What concerns me most about the future of AI isn’t our impending doom, which by now you (hopefully) don’t believe in, but rather the potential of AI to exacerbate already-existing economic inequality. Part of it will come in the form of large job loss. Leaked documents suggest that Amazon already aspires to automate 75% of their entire operations. Ideally, this loss will be offset by the emergence of new kinds of jobs, and in this way it is very comparable to the Industrial Revolution: Just as work shifted from the land to the assembly line, it will probably see a similarly radical shift in the coming years.

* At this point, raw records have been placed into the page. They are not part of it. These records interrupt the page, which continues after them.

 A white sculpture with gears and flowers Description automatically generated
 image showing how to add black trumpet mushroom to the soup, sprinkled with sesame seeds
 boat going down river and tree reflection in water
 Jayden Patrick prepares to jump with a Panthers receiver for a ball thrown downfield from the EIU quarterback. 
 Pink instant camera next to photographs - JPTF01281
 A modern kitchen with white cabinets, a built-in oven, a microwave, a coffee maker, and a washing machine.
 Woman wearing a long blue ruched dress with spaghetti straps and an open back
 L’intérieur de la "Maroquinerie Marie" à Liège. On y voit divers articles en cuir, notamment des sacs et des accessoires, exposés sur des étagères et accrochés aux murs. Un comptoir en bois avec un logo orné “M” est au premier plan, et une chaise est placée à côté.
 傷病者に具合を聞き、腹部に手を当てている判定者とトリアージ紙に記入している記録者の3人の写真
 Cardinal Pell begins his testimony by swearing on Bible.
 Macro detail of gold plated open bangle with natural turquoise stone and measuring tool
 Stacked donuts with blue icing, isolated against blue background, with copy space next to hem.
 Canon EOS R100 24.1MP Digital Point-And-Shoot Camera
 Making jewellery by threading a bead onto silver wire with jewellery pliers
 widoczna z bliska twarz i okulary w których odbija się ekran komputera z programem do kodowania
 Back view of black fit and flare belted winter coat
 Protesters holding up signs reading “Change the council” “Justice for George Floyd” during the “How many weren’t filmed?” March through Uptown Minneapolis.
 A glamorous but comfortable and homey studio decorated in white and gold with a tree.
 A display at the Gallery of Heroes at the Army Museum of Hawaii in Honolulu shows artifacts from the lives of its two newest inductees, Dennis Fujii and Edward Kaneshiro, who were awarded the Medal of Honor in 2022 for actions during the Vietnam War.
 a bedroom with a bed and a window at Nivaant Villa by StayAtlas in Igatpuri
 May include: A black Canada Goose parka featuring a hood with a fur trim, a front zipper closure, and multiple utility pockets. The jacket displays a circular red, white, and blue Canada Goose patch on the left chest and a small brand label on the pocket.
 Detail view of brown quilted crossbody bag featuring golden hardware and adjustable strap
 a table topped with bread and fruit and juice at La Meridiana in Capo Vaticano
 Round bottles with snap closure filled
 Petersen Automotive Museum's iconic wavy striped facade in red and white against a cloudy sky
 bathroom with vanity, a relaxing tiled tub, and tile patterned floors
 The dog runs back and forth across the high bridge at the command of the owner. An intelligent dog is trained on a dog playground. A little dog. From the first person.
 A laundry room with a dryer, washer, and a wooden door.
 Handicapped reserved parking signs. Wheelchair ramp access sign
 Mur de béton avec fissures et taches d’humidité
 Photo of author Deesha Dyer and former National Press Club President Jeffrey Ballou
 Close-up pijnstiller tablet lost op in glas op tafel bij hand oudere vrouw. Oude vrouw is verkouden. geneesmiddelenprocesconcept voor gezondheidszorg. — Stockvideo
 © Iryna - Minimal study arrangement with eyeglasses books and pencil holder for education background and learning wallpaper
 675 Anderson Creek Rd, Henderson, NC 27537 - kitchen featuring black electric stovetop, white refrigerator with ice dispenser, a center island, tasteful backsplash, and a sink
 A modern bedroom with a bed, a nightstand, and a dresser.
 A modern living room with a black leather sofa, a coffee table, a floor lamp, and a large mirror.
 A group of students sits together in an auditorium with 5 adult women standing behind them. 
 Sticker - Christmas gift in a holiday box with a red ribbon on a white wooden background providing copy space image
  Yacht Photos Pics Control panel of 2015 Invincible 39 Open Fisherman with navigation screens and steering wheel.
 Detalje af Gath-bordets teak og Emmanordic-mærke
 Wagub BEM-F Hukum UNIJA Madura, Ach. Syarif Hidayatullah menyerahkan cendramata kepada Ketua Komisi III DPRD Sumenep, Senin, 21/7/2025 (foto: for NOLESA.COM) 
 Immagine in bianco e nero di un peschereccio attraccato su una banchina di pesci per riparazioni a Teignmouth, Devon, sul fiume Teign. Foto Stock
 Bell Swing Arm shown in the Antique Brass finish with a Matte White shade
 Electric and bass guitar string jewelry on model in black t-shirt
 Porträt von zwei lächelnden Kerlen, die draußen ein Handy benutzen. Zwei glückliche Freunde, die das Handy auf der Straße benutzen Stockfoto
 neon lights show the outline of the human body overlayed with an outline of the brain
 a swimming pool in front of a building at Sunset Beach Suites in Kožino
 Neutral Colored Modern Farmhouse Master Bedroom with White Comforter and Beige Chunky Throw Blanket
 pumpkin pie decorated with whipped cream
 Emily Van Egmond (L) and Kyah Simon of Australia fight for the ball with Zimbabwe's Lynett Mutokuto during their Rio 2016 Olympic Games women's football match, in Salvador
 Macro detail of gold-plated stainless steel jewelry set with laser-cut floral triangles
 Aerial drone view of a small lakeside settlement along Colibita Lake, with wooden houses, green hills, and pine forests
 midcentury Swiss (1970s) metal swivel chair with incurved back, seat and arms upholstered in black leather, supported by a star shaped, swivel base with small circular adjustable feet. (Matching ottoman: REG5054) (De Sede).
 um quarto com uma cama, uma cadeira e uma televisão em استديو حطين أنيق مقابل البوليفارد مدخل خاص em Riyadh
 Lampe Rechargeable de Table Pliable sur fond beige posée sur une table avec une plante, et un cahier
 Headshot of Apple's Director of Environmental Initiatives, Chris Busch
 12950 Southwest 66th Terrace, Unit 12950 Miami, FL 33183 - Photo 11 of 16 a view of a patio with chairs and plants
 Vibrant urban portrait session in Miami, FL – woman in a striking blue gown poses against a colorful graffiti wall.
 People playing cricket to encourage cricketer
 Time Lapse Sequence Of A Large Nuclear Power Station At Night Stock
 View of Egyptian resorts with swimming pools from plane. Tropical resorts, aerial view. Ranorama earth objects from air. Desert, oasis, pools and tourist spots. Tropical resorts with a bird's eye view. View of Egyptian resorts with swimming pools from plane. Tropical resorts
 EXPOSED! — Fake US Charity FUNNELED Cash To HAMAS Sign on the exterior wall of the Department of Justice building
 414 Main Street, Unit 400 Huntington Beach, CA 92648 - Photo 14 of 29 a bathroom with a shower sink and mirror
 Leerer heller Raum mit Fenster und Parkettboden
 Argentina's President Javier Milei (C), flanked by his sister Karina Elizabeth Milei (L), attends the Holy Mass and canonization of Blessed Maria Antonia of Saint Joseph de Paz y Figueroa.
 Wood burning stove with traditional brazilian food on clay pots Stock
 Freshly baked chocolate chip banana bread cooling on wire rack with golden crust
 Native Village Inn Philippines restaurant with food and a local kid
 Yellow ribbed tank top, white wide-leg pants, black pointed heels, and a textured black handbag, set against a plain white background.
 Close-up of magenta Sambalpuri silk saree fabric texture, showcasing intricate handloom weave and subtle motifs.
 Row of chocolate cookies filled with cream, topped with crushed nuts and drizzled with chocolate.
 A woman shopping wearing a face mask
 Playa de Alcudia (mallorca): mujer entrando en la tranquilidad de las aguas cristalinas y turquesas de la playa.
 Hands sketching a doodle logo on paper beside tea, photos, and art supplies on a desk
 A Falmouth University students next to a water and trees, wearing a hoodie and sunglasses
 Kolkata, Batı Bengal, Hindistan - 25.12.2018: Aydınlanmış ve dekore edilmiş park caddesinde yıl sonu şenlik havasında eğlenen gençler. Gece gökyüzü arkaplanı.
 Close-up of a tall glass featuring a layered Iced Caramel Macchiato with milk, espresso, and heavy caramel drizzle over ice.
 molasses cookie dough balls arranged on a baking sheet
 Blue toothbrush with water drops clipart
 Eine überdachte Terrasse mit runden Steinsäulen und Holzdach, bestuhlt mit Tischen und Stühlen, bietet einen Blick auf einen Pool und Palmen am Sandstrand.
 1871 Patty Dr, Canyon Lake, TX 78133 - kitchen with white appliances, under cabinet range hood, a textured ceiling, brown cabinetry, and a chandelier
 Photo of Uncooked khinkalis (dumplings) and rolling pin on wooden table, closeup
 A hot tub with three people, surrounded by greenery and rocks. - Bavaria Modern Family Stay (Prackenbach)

This is not necessarily bad; as we know from history, the standard of living did eventually increase after the Industrial Revolution, but it took a long time and that transition was brutal for many workers. Along with horrific conditions in some factories, the increased capital that came with the new technology wasn’t shared equally with workers and it took unionizing for the average person to see positive returns, while the people who owned the factories profited disproportionately. Similarly, I think automation of workforces like what Amazon plans to do will only further increase economic inequality, and it is vital that considerable effort and resources are put towards mitigating the impact of this transition on workers, such as robust job retraining and support. If this is prioritized, then I am optimistic about AI’s potential to positively impact human life.